Ni la Iglesia de la democracia ni la política de la democracia se enteraron del todo de lo que tenían que hacer para prolongar la lección de Tarancón; Patino era el que de manera insistente, como un martillo suave, iba explicando los riesgos del dramático olvido de la convivencia que se produjo por parte de unos y de otros en asuntos clave de nuestra forma de vivir juntos. Así hizo con respecto al País Vasco y con respecto a Cataluña, entidades mayores de su preocupación civil, y así hizo con todas las otras cosas que hicieron más amargo el espíritu nacional.
Su fundación fue, por así decirlo, su seudónimo; y su insistencia en la búsqueda de apoyos para llevar a cabo la misión sigilosa de encontrarse con otros para que los otros se encontraran entre sí lo llevó a relacionarse con media humanidad. Para esos contactos no tenía horizontes vedados, ni políticos, ni culturales, ni religiosos. Ni deportivos. Una vez me pidió que lo juntara con el seleccionador de fútbol, Vicente del Bosque, que, como él, era de Salamanca, y además alumno de gente de su predilección en la infancia; y ahí veías tú al cura y al seleccionador rememorando gestas, organizando el futuro. El sacerdote (siempre vestido de sacerdote, con su clergyman impecable) y el imponente exfutbolista compartían el pasado y vislumbraban cómo se podían poner de acuerdo para procurar, para los jóvenes, sobre todo, un futuro mejor que el que arrojaban las estadísticas.

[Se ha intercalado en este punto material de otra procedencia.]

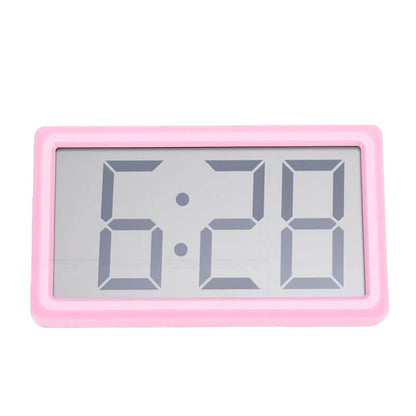 Pink Digital Clock with Magnetic/Desktop Installation, Battery Powered, 12-Hour Display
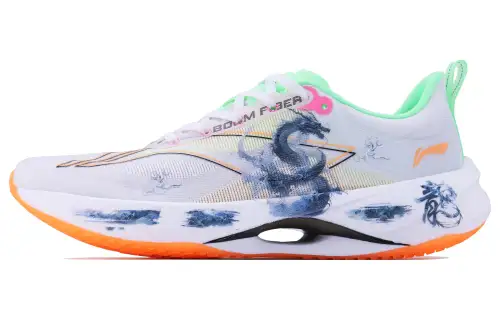 Li Ning Super Light 21 Cushioning Abrasion Resistant Breathable Low top Running Shoes Men's White Green Orange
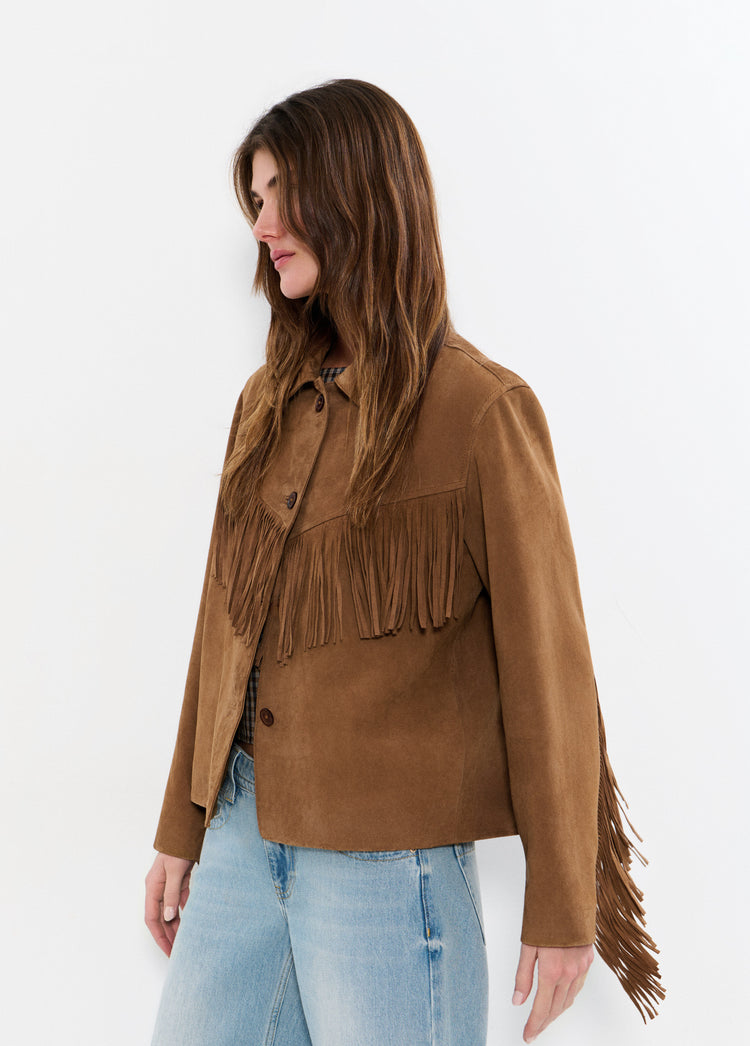 Suede leather jacket with fringes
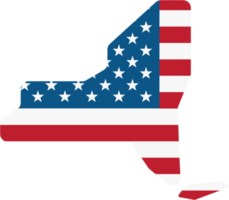 umrisszeichnung der staatskarte von new york auf usa-flagge. png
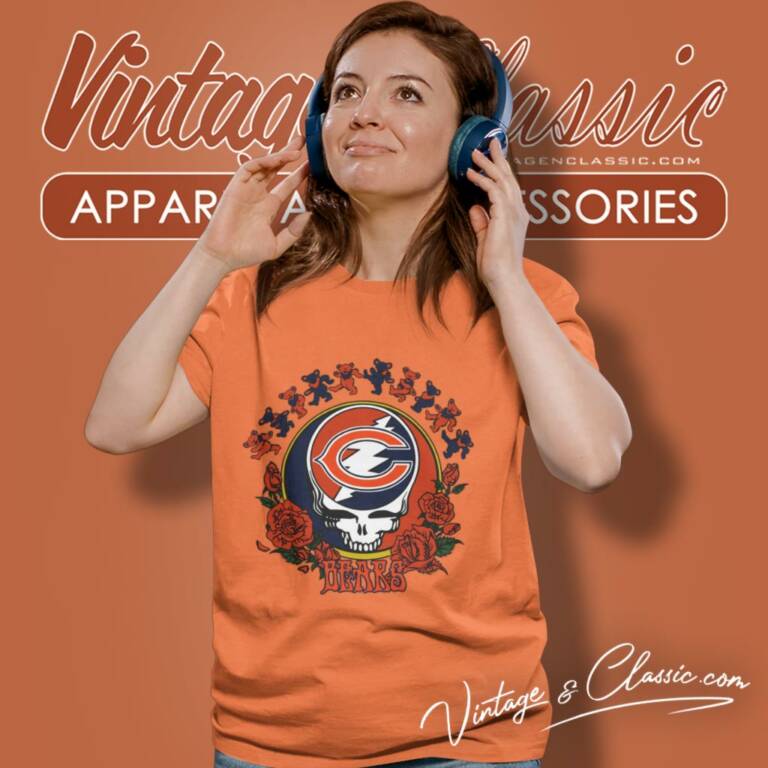 Chicago Bears Grateful Dead Roses Dancing Bears Women T Shirt Chicago Bears Grateful Dead Roses Dancing Bears Women T Shirt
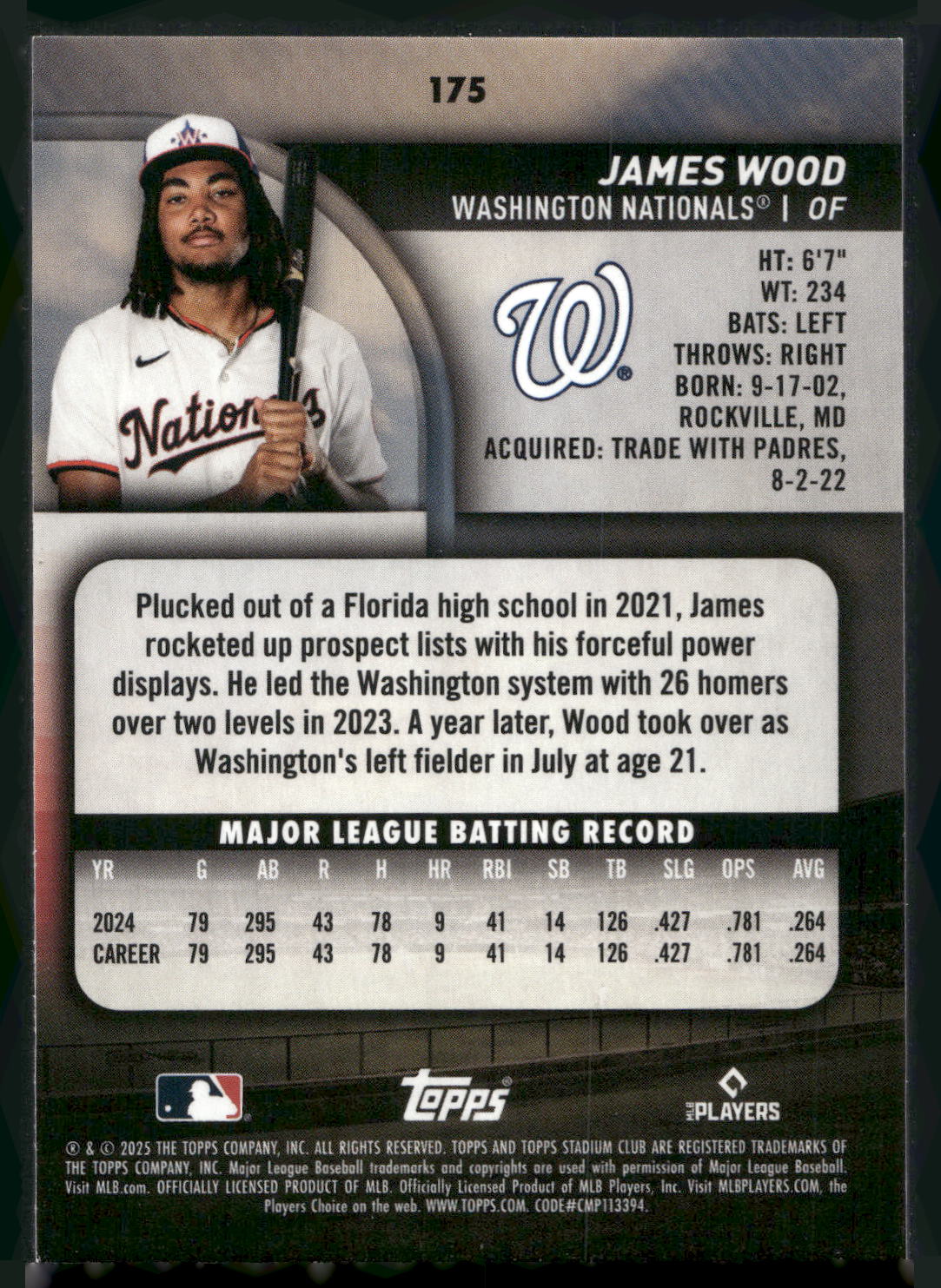 2025 Stadium Club #175 James Wood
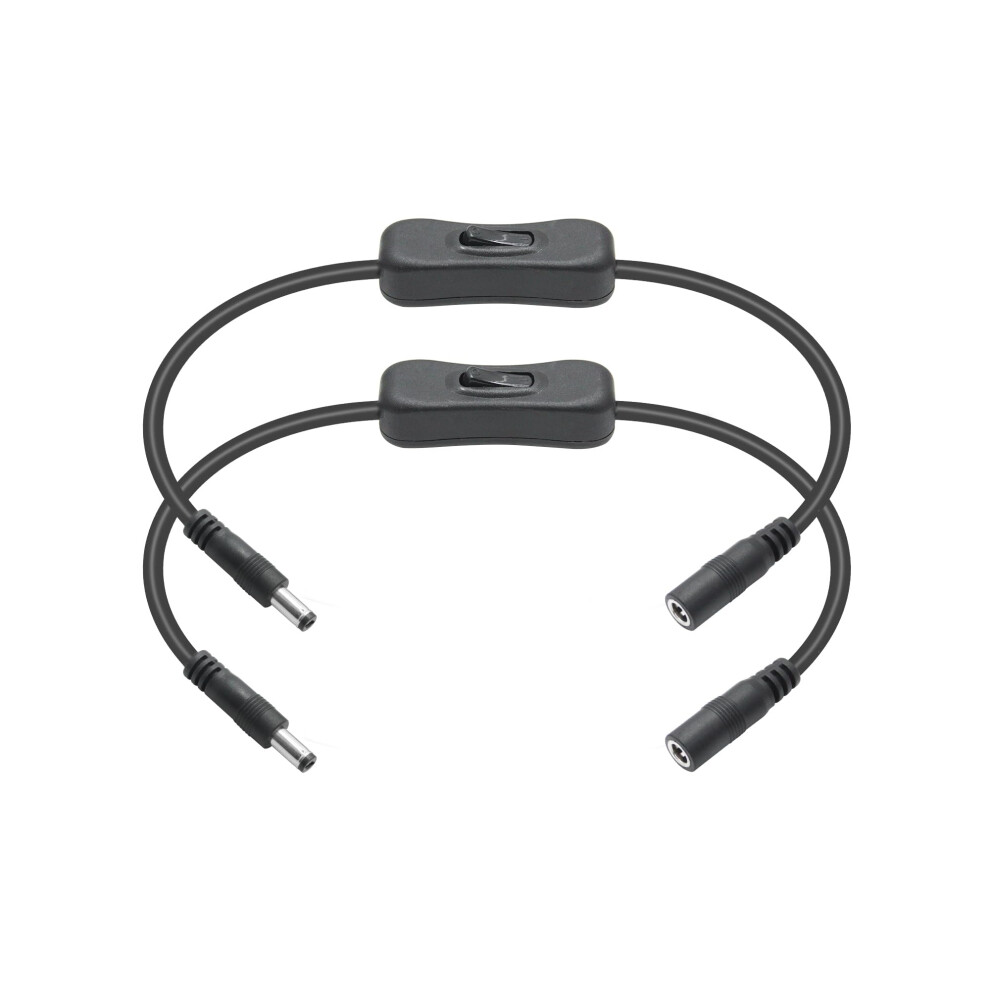 2Pcs Dc 5521 Power Extension Cable With Inline Switch 5.5Mm X 2.1Mm 30Cm 18Awg For Cctv Cameras 9070919192715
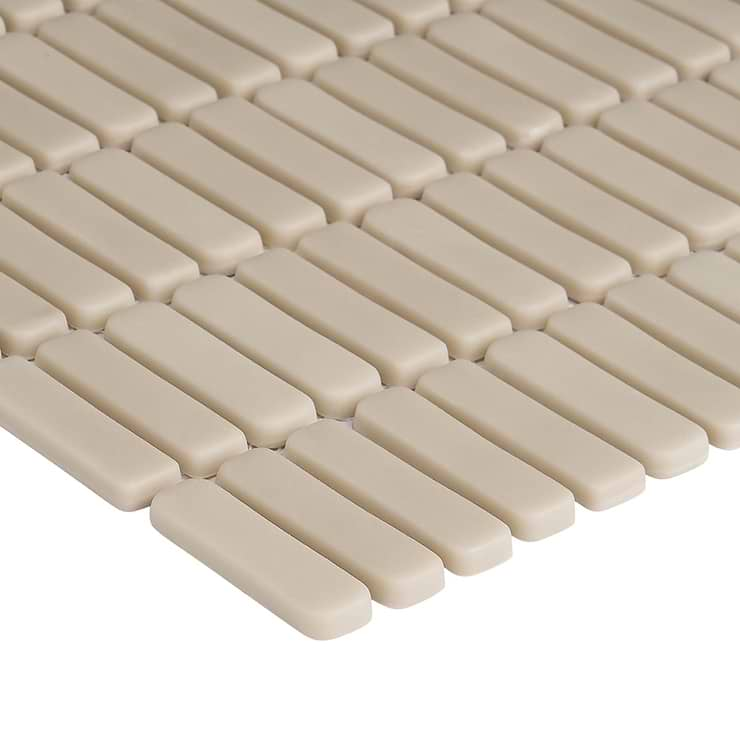 Venini Beige 1/2" x 2" Mini Brick Frosted Glass Mosaic Tile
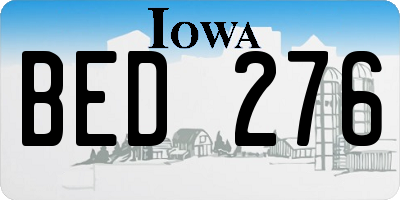 IA license plate BED276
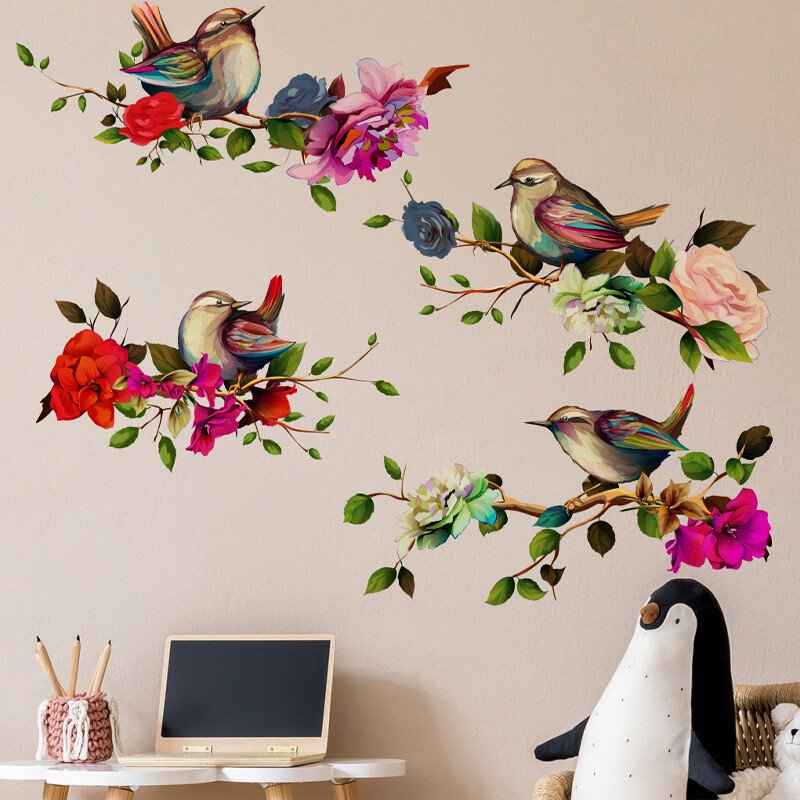 Magpies Branch Flower Wall Sticker - Image 6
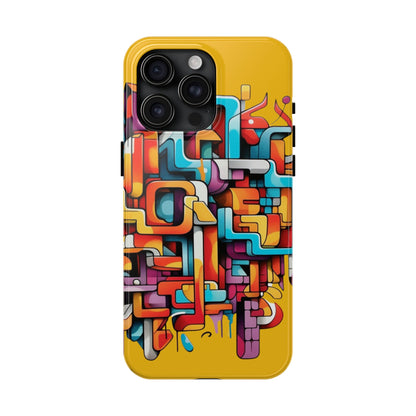 Yellow Tough Phone Cases - Graffiti Design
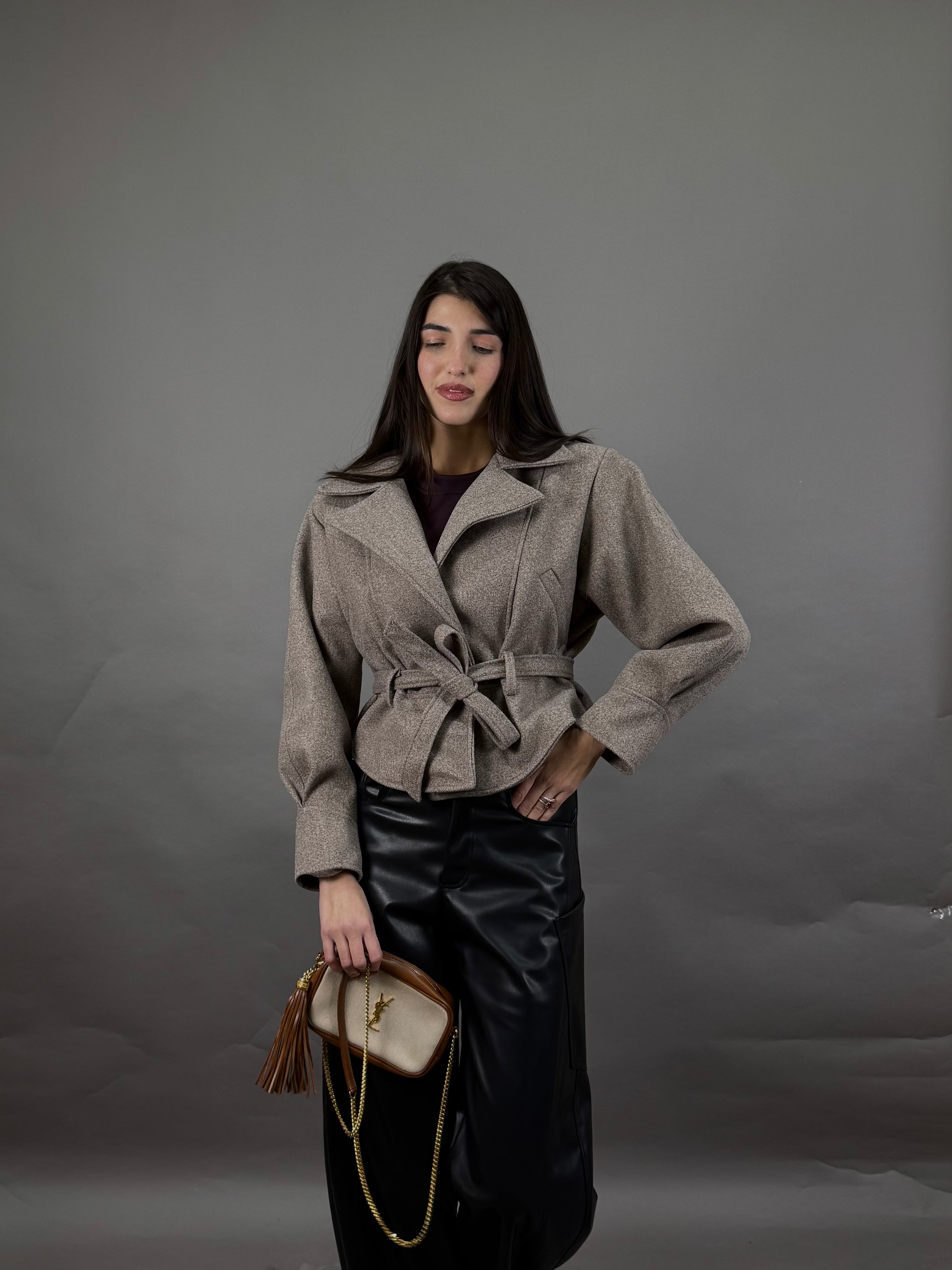 Trench peso cappotto fango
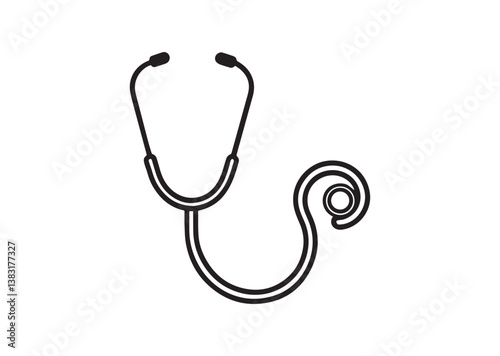 Stethoscope medical device silhouette Vector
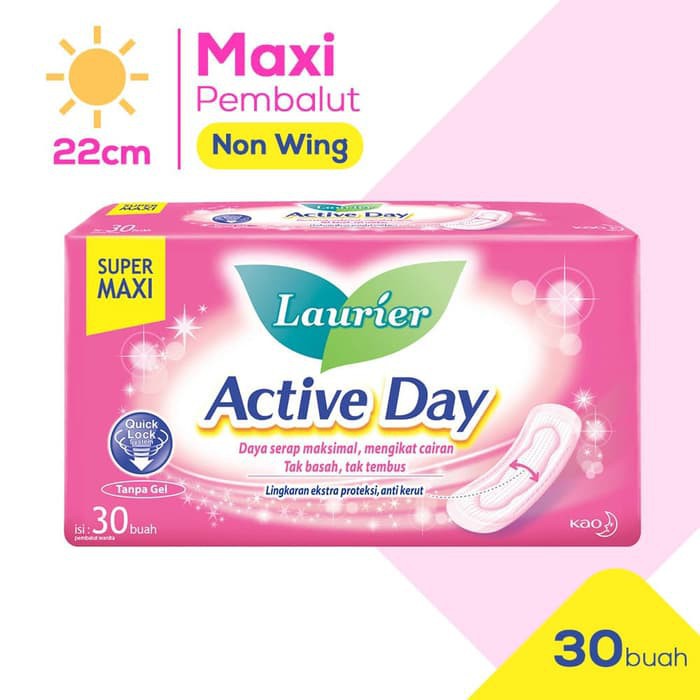 LAURIER Super Maxi Active Day 30S / Pembalut isi 30 pcs BY AILIN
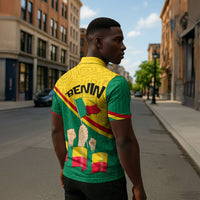 Benin Independence Day August 1 Zipper Polo Shirt Coat Of Arms Heritage Raised Fist Flag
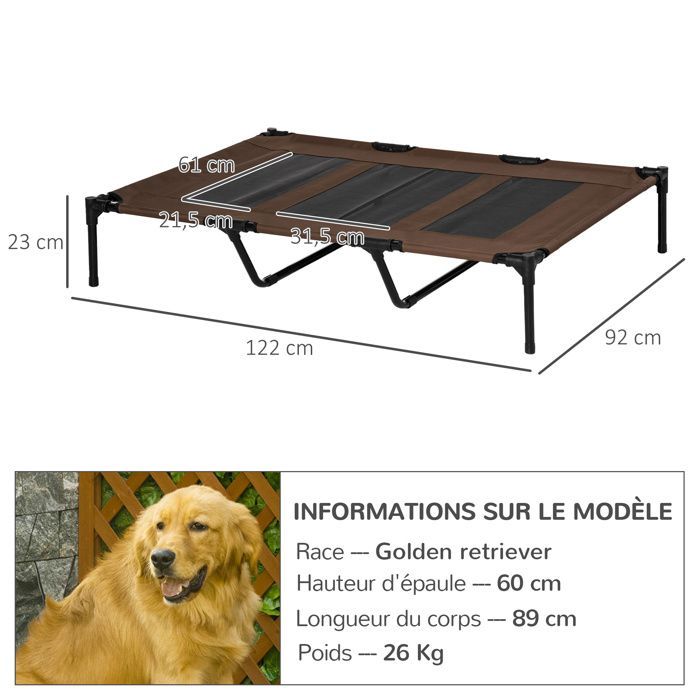 PawHut - Hondenmand - Hout - 122x92x23cm - Bruin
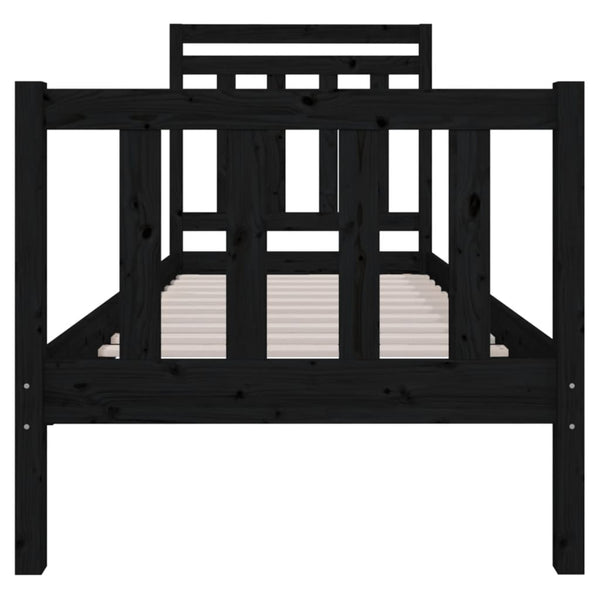 vidaXL Lit en bois massif noir 75x190 cm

Guardaba tanto sigilo porque sabía que los encuentros, esa esencia de su carácter de hombre público, solo se podían llevar a cabo si nadie sabía nada de lo que estaba haciendo, excepto los implicados. En otro tiempo, o en otro territorio, hubiera sido un espía noble, un consultor eficaz de los Estados. Ese sigilo comprendía socarronería, sentido del humor y, por tanto, de la distancia que había que tomar para que el entusiasmo de conseguir un objetivo no se convirtiera, mientras tanto, en alboroto.
Así era también en las reuniones colectivas; era el que hablaba el último, aunque estuviera altamente capacitado para hacerlo el primero. Tenía, acaso, la costumbre del confesor: escuchar es mejor que adelantarse. Cuando hablaba sabías que, mucho mejor que los mejores periodistas, él ya había tocado las teclas suficientes para saber por dónde iba el maldito río español. Su despacho era un batiburrillo de papeles; alguna vez le sacamos algún que otro secreto, sobre Tarancón y los peores años; contó entonces que el cardenal había quemado sus memorias. Patino estaba escribiendo las suyas. Con sigilo, con convencimiento. La última vez que lo vi fue hace un mes, entraba con sigilo a la presentación de un libro de Bonifacio de la Cuadra (sobre la Transición) en la librería Blanquerna, el centro catalán en Madrid. Le procuramos sitio en las primeras filas, y lo vimos sentarse y atender con la paciencia de los curas, pero también con la obligación laica de entender para ayudar.
Era un gran hombre Patino, un pilar discreto de un tiempo que hubiera sido peor sin gente como él.